Mapping integration sites

Insertion junctions were amplified and analyzed as described previously44. Briefly, cells were transfected with linear pLPL plasmid PCR-products using Lipofectamine 2000 (Invitrogen). Puromycin (1.5 µg/ml) was added 24  h after transfection and colonies were allowed to grow for 8–10 days. Individual puromycin-resistant clones were isolated and grown on 96-wells plates. At confluency, DNA was isolated from individual wells and plasmid-genome junctions were amplified via TAIL-PCR45. Sequences of plasmid-specific and arbitrary degenerate (AD) oligonucleotides used for TAIL-PCR can be found in Supplementary Data 4. Sanger sequencing was performed using the innermost TAIL-PCR oligonucleotide (pLPL_For-3). Subsequent automated analysis was performed by custom scripts. High-quality DNA stretches (base error quality <0.1, stretch ≥50 nucleotides) were identified within each Sanger sequence and further analyzed. Blast against the mouse genome and the pLPL plasmid PCR-product was performed to identify junctions. For each junction, the type of junction was determined (plasmid product–plasmid product or plasmid product–mouse genome) and whether overlap existed between the two top BLAST hits. If the two top BLAST hits overlapped it indicated the use of (micro)homology.
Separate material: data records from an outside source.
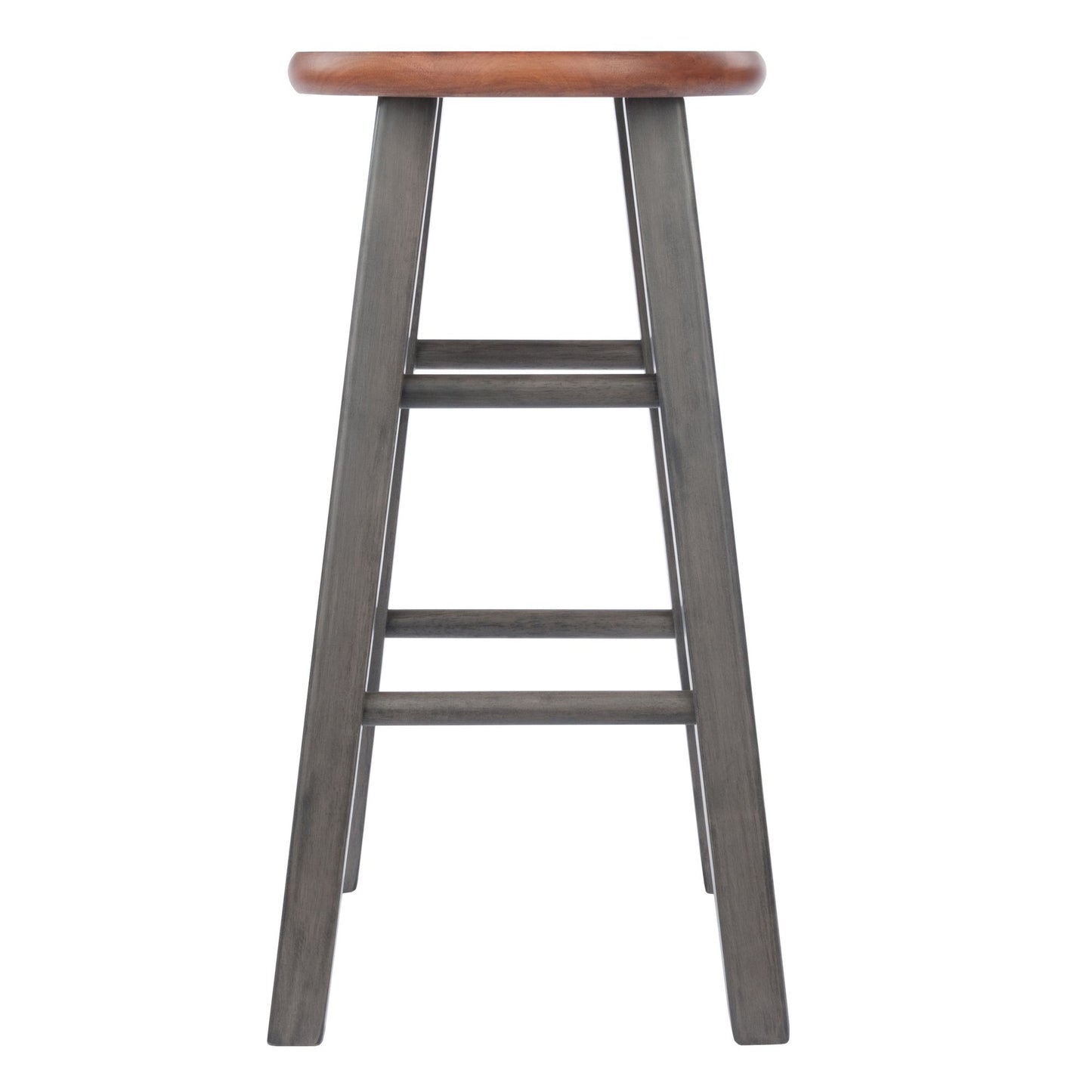 Ivy Counter Stool; Rustic Teak & Gray image 5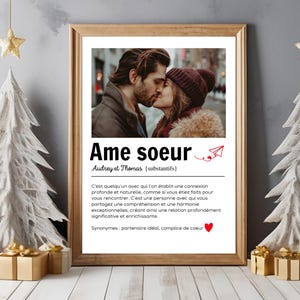 Póster personalizable con la definición de «alma gemela»: con foto o texto (nombre/inscripción) | Formato digital o físico (A4/A3)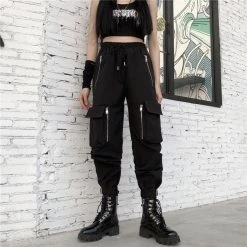 Yoursblack BOTTOMS High Waist Cargo Pants With Pockets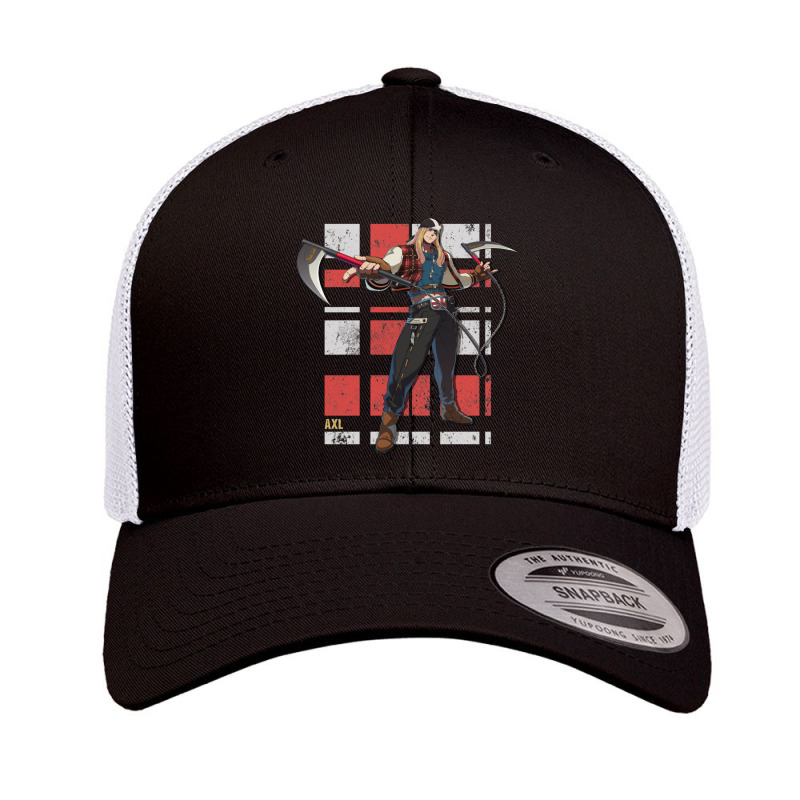 Guilty Gear Strive Axl Retro Trucker Cap by cm-arts | Artistshot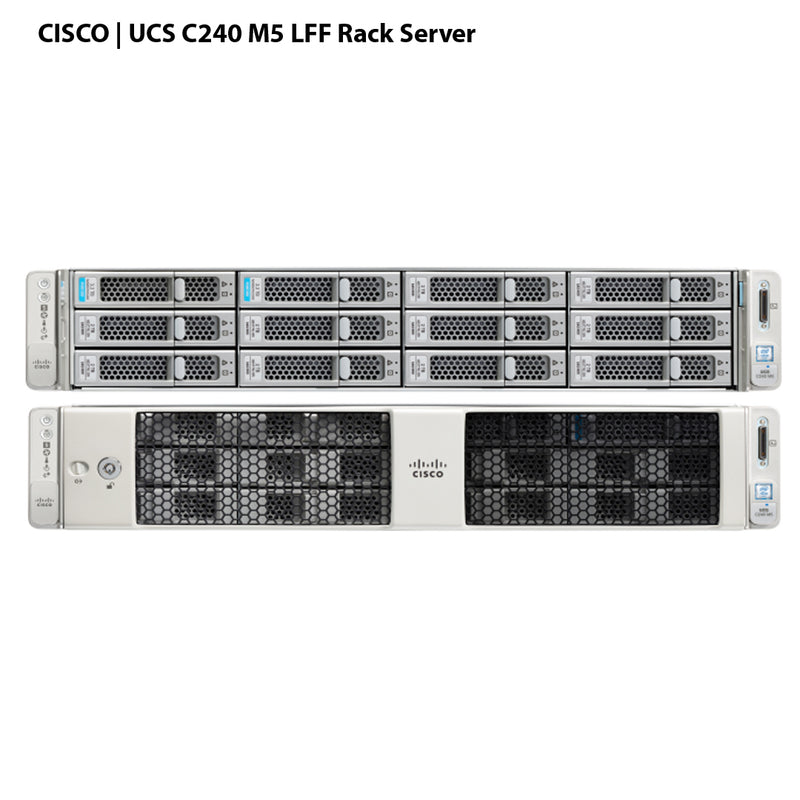 Cisco UCS C240 C-Series M5 12x 3.5" LFF + 2x2.5" Rack Servers CTO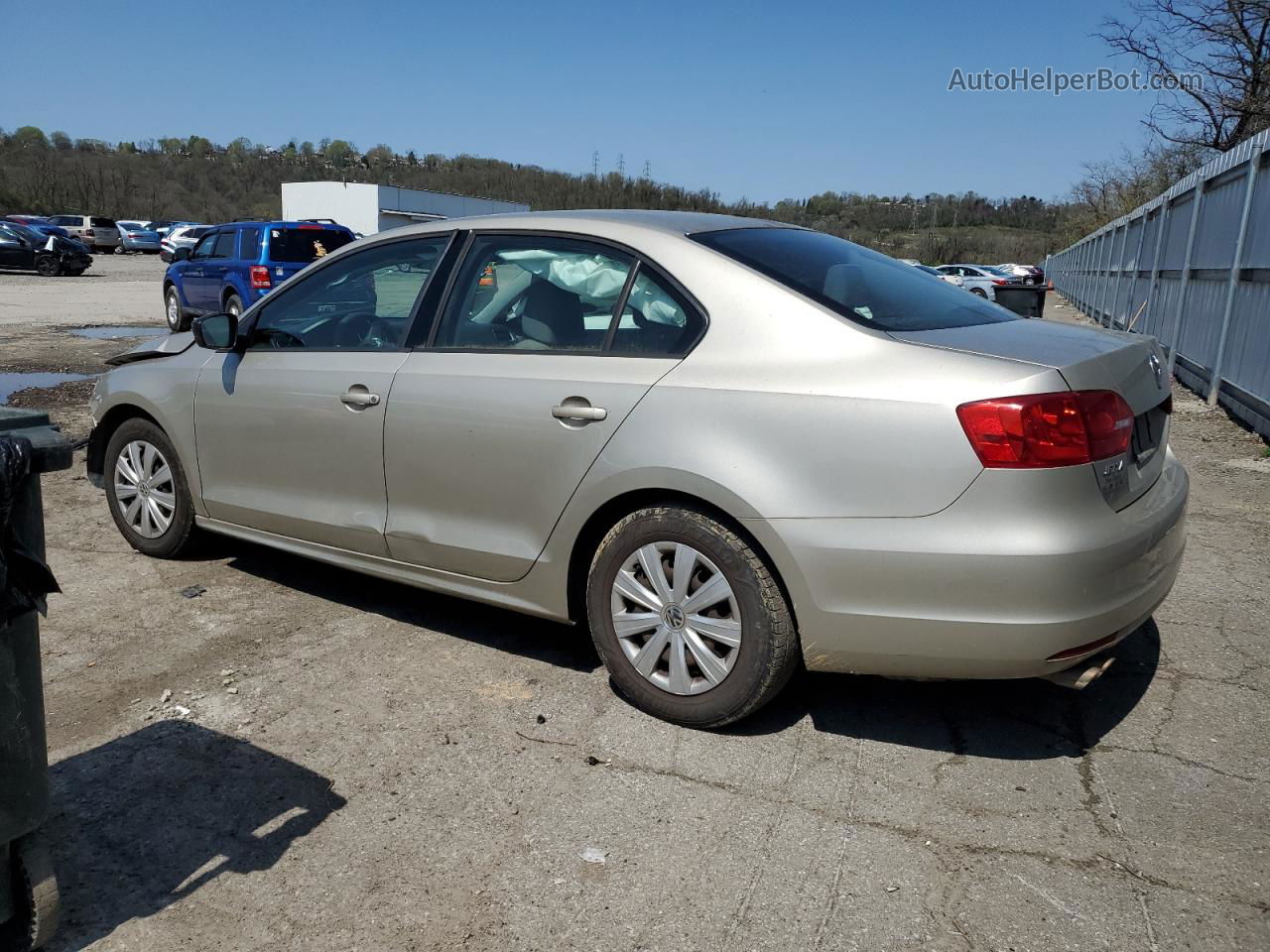 2014 Volkswagen Jetta Base Желто-коричневый vin: 3VW2K7AJ5EM269857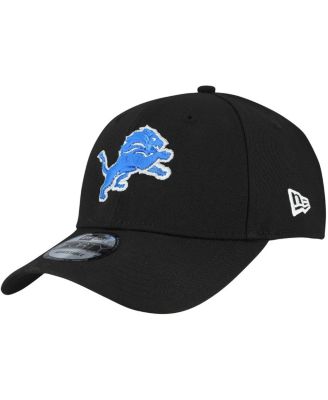 New Era - Men's Black Detroit Lions Primary Logo 9FORTY Adjustable Hat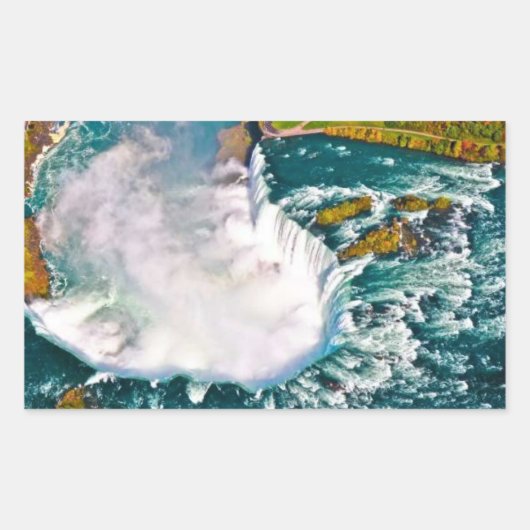 ナイアガラ秋のエアショットのシール 長方形シール (正面)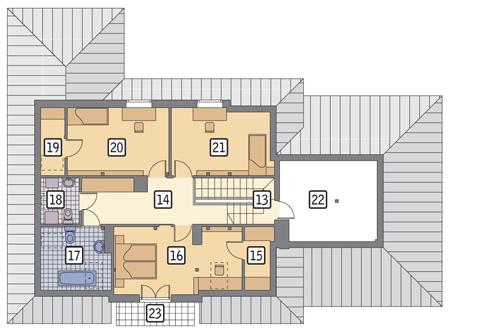 Rzut poddasza POW. 130,6 m²
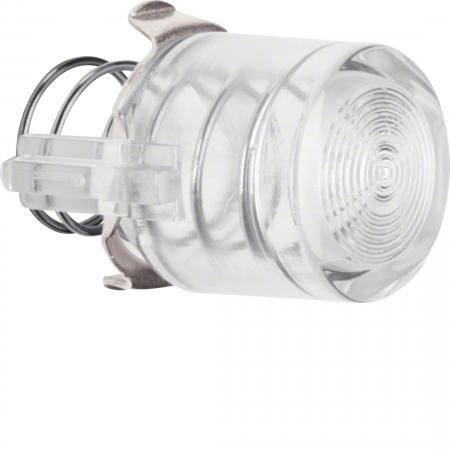 Hager Tasterknopf f Druckt. E10 1930/Glas klar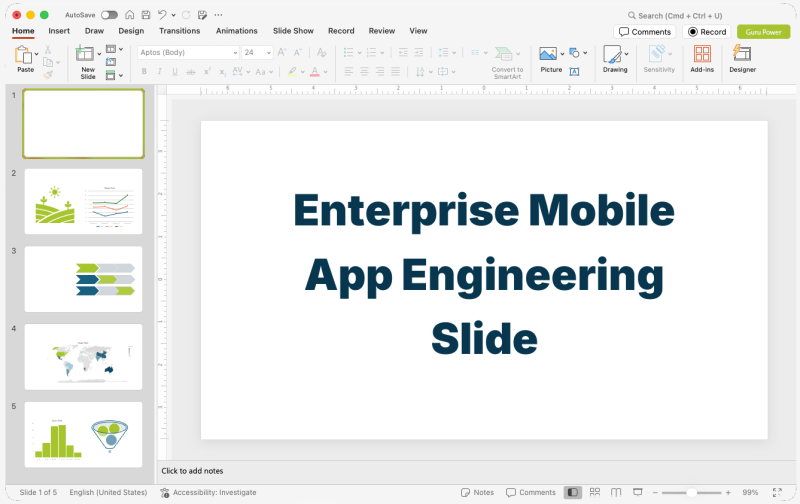 Enterprise Mobile App Engineering Proposal Slide Deck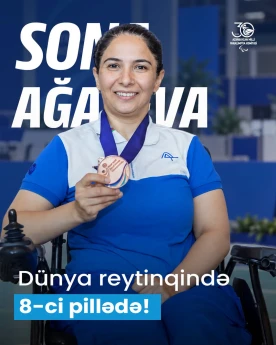 Sona Ağayeva dünya reytinq cədvəlinin 8-ci pilləsinə yüksəlib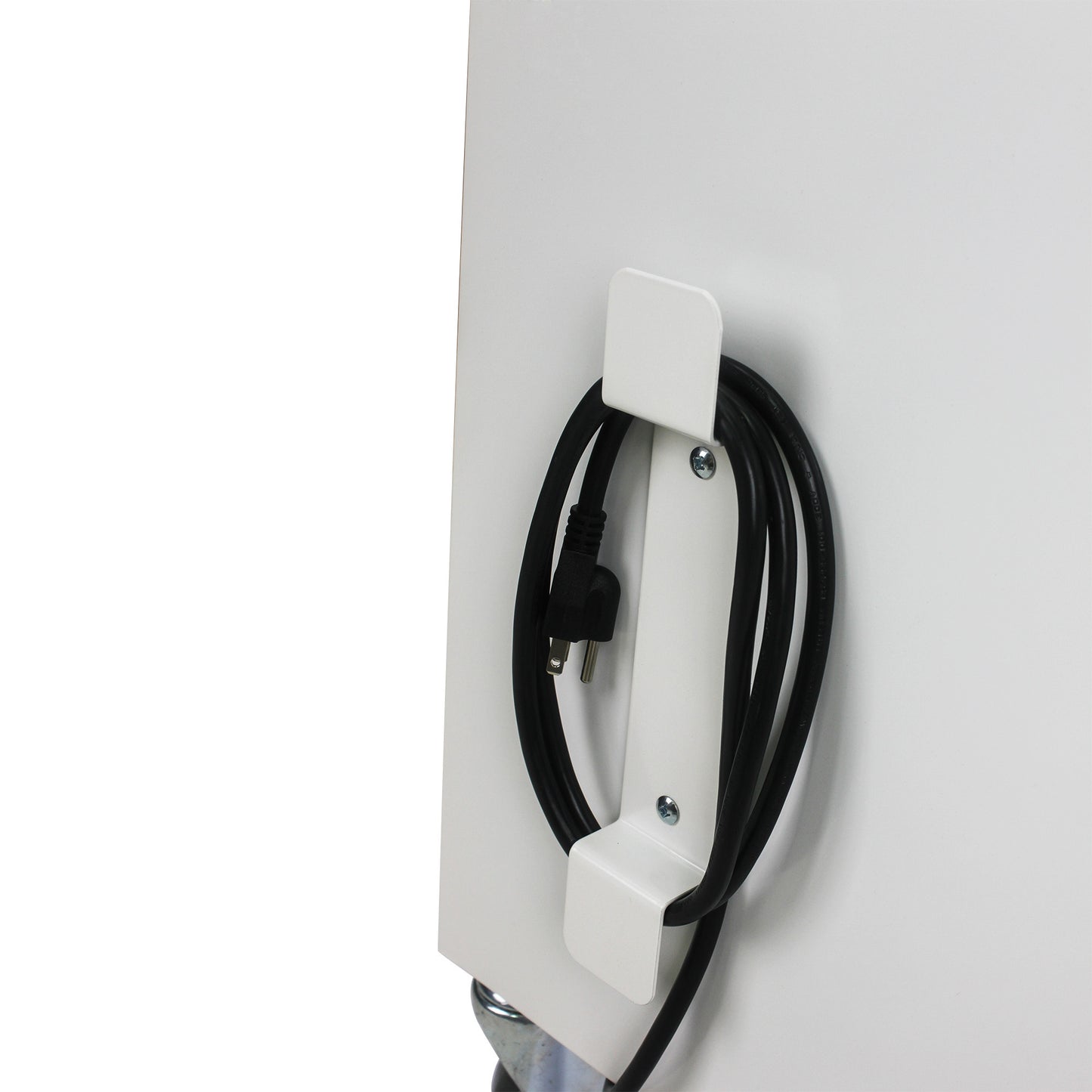 Mobile Charging Cart and Cabinet With Combination Lock - White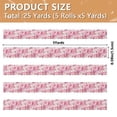thumbnail image 3 of 5 Rolls Christmas Ribbon 1.5 inch Wide Decorative Ribbon for Gift Wrapping and Holiday Decorations Cherry Blossoms Pattern, 3 of 7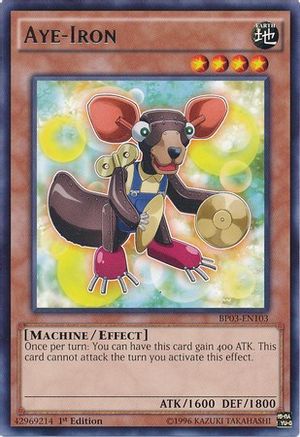 Aye-Iron (BP03-EN103) - Battle Pack 3: Monster League 1st Edition Battle Pack 3: Monster League Yugioh Single  Squirtle Squad Card Shop.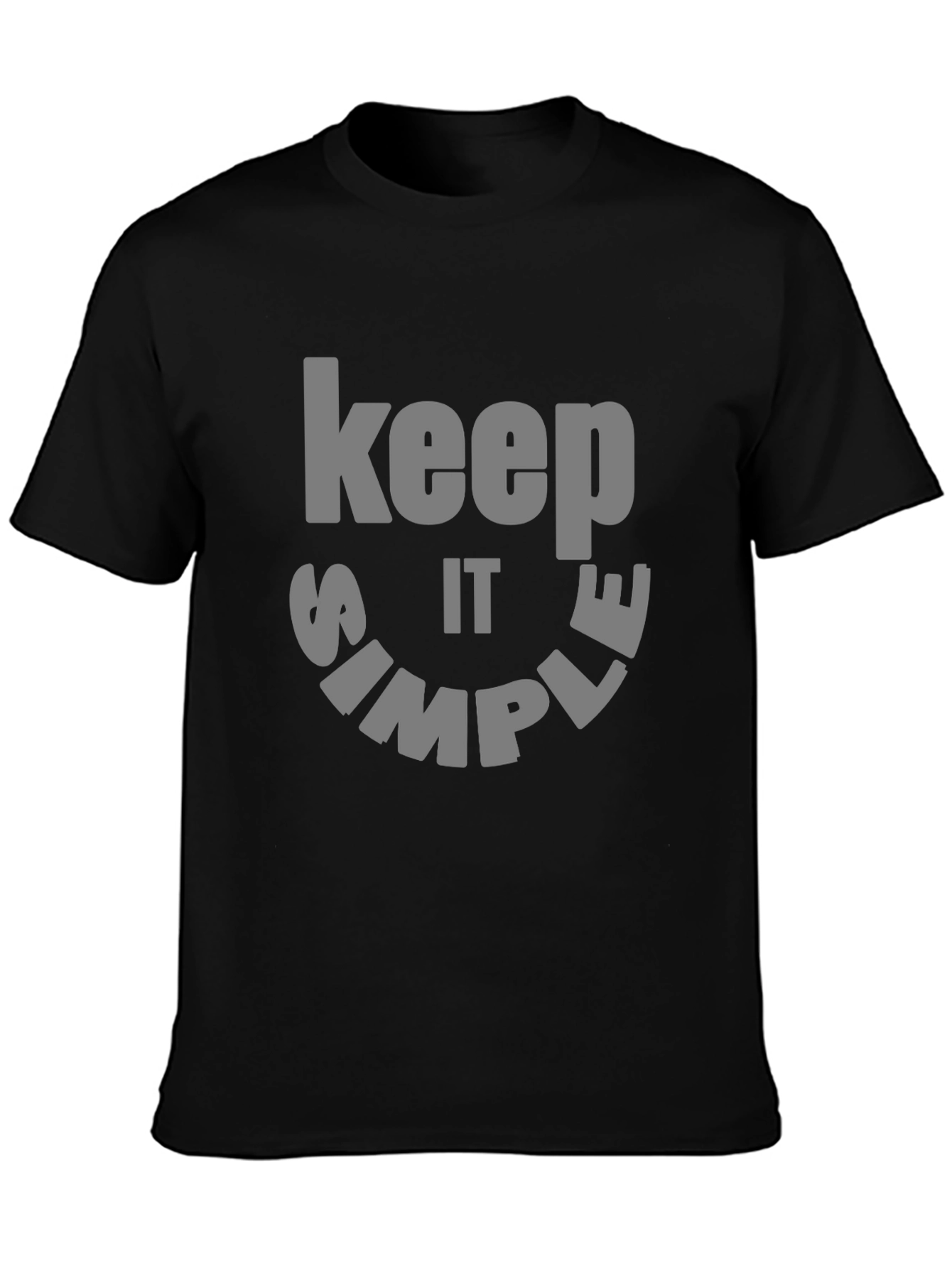 Keep it Simple Graphic Tee - Black Cotton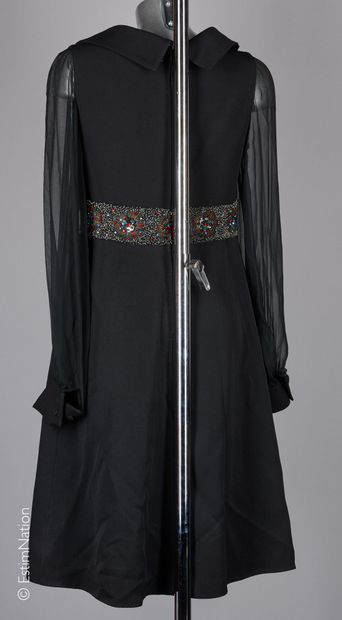 CATHERINE DE POORTER COUTURE CIRCA 1960
ROBE...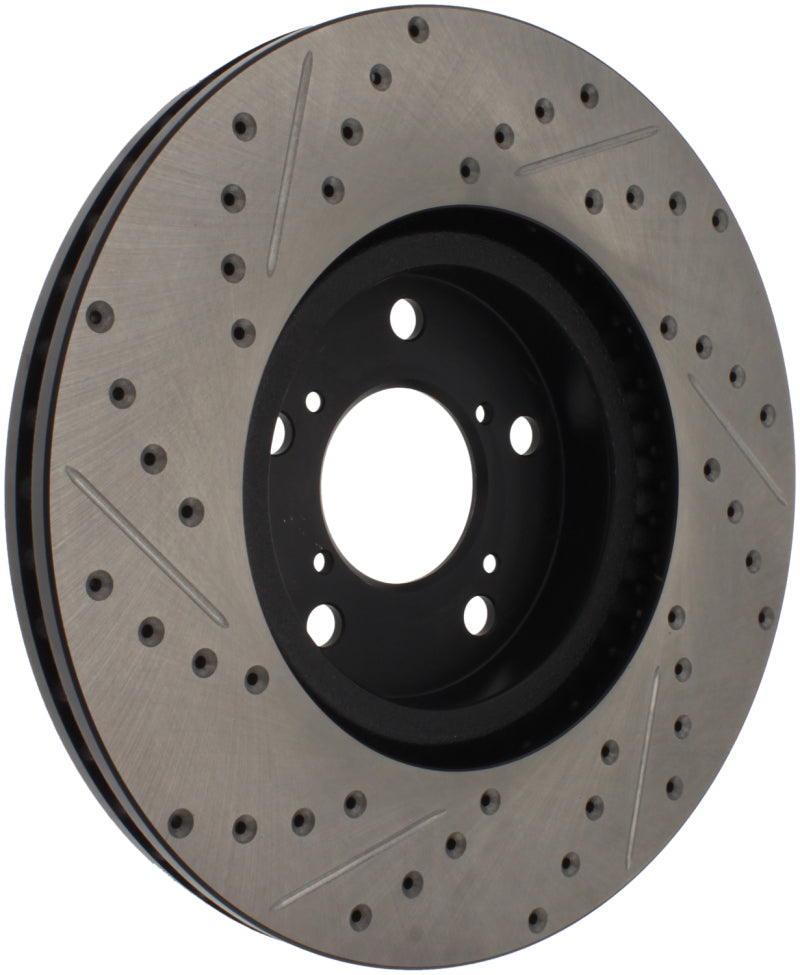 StopTech 07-08 Acura MDX SportStop Slotted & Drilled Left Front Rotor - eliteracefab.com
When no overlap between the two top BLAST hits was found, the junction was annotated as a filler. When fillers were large enough (≥5 nucleotides) the origin of the filler was searched for in the pLPL plasmid and in the mouse genome at the location the junction mapped. Total of 100 base pairs at both sides of the mapped location were searched in normal and reverse complement orientation using the longest common substring approach44.

Data Availability

All data generated or analyzed during this study is included in this published article and its supplementary information.